St. Lucy's Priory High School

Google battles the Department of Labor

At 3.5 billion searches a day, Google has developed into the world’s most relied on resource for information in today’s society. Unfortunately, the tech powerhouse has fallen into yet another company scandal.

On Jan. 4, The Department of Labor filed a lawsuit against Google for refusing to disclose company contact information.

Since Google provides cloud services to the military and other various federal services, it is required that the company give the government full access to employee records.

This procedure is done in order to ensure that there is no discrimination in the interview process and hiring. Any form of discrimination based upon gender, religion, race or sexual orientation is thoroughly investigated by the Department of Labor.

This dilemma is not rare or uncommon. Many companies big or small are sued each year for not providing enough data. Palantir, a small underground data software startup founded by Nathan Gettings, Peter Thiel, Alex Karp, Joe Lonsdale and Stephen Cohen, was sued last September for allegedly discriminating against Asian-American job applicants.

Google is the most recent case on record to receive scrutiny from regulators for not exposing enough statistics and information.

Google has repeatedly refused to disclose employee names, salary history, contact information, and job history.

Thomas M. Dowd, Acting Director for the Office of Federal Contract Compliance Programs, addressed the issue stating, “Despite many opportunities to produce this information voluntarily, Google has refused to do so. We filed this lawsuit so we can obtain the information we need to complete our evaluation.”

According to Google, the corporation has provided a substantial amount of information; allegedly reporting “hundreds of thousands of records.”

However, Google has refused to report some of the requested data, claiming that the employees privacy is at risk. Google has gone as far as criticizing the Department of Labor, alleging that the requests were “overbroad in scope.”

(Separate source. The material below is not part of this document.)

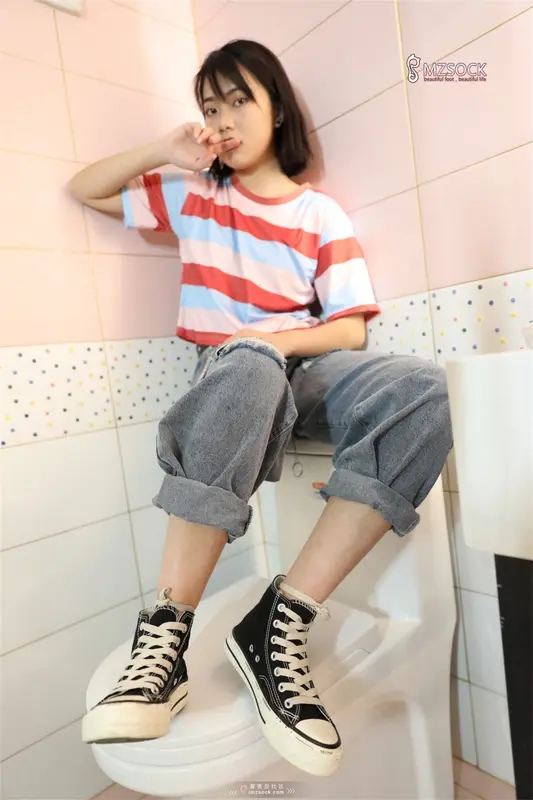 [MZSOCK]爱美足 NO.086 婷婷 - MZSOCK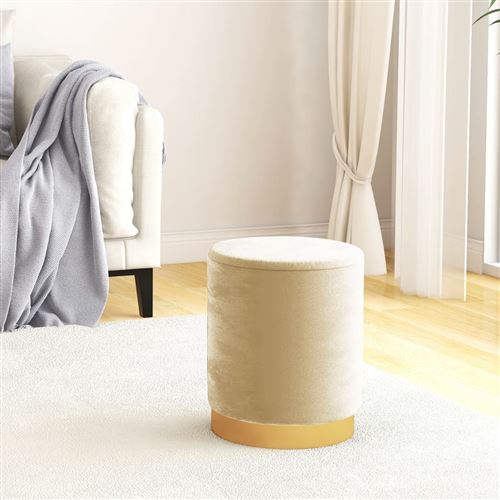 Vidaxl Tabouret De Rangement - Image 3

The board of directors of Google collectively feel strongly that it is the company’s responsibility to safeguard employees private contact information. Google defended this belief reporting that the requests by the Department of Labor included thousands of employees’ private contact information, which Google claims to “safeguard rigorously.”

Despite tensions being high, Google is handling the lawsuit well and is willing to work with the Department of Labor to find a compromise.

Google stated, “We hope to continue working with OFCCP to resolve this matter.”